What advice would you offer current students about to embark on a career in the arts?
Keep focused and have confidence in your ideas and your abilities. Seek criticism from those you respect and accept it graciously, but know that in the end, you are responsible for making decisions. Take opportunities as they come along; even the unexpected can provide exciting opportunities if you let it.
How do you maintain your creative practice? What keeps you motivated and engaged?
I am motivated by work that I feel is worthwhile.
Could you describe a moment or experience that profoundly changed the nature of your work?

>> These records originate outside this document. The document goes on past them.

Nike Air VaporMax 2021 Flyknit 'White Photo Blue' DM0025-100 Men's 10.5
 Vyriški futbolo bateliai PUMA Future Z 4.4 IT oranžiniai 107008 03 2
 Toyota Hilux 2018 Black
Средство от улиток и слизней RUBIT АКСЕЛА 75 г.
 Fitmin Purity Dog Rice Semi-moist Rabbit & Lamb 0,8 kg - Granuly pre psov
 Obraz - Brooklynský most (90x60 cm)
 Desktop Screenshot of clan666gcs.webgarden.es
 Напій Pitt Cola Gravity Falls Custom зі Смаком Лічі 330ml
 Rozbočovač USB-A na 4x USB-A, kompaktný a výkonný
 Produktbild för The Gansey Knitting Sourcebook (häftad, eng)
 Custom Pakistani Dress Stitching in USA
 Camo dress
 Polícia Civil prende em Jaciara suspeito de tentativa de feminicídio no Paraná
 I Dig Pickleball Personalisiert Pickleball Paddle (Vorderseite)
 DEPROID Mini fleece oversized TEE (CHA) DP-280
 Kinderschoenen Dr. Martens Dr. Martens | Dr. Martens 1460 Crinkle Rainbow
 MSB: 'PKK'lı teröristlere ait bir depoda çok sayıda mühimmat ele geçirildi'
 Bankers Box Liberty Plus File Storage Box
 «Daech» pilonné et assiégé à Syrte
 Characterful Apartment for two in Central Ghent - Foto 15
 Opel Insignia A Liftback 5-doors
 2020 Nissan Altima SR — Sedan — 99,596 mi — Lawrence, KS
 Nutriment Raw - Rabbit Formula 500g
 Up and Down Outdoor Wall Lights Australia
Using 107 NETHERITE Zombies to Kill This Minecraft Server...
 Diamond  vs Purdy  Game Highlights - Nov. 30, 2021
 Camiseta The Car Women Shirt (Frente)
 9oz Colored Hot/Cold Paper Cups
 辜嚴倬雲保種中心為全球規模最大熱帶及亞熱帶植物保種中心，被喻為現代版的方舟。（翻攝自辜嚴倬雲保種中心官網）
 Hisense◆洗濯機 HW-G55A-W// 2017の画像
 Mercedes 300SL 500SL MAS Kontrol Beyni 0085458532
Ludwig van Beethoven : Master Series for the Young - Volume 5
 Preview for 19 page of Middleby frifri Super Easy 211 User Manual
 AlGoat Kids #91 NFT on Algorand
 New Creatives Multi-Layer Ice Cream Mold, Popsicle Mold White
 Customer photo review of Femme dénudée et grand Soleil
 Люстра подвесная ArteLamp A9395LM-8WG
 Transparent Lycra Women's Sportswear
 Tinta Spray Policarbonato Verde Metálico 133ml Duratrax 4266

Having been accepted to a graduate program in art history and theory, rather than in fine arts (after completing my undergrad in fine arts) led to a different form of output. But I suspect that the ideas would have been fairly consistent, whatever the formal practice.
Dr. Hazel Clark is Research Chair of Fashion at Parsons the New School for Design, and former head of the Swire School of Design at the Hong Kong Polytechnic. She is also on the faculty of the School of Art and Design History and Theory at Parsons, where she previously served as Dean. Clark was one of the first graduates in Britain to be awarded a PhD in the history of design, and has since published and taught internationally, with a particular interest in design and cultural identity and a focus on fashion and textiles. Clark considers the study of history and theory critical for those who intend to become design and art practitioners as well as for individuals pursuing focused interdisciplinary scholarship in those fields. She initiated the MA Fashion Studies program, which Parsons began offering in fall 2010, and worked with colleagues on the MA Design Studies program. Her publications include The Cheongsam (Oxford University Press, 2000), an edited issue of Design Issues on design in Hong Kong (MIT Press, Spring 2003), and “Design in a Global Context,” co-edited with Karen Fiss, in Design Issues (MIT Press, Summer 2009). Other publications include Old Clothes, New Looks: Second Hand Fashion (Berg, 2005), co-edited with Alexandra Palmer; The Fabric of Cultures: Fashion, Identity and Globalization (Routledge, 2009), co-edited with Eugenia Paulicelli; and Design Studies: A Reader (Berg, 2009) co-edited with David Brody. She is currently working with Professor Cheryl Buckley on Fashion and Everyday Life in Britain and America, c1890-2010 (working title).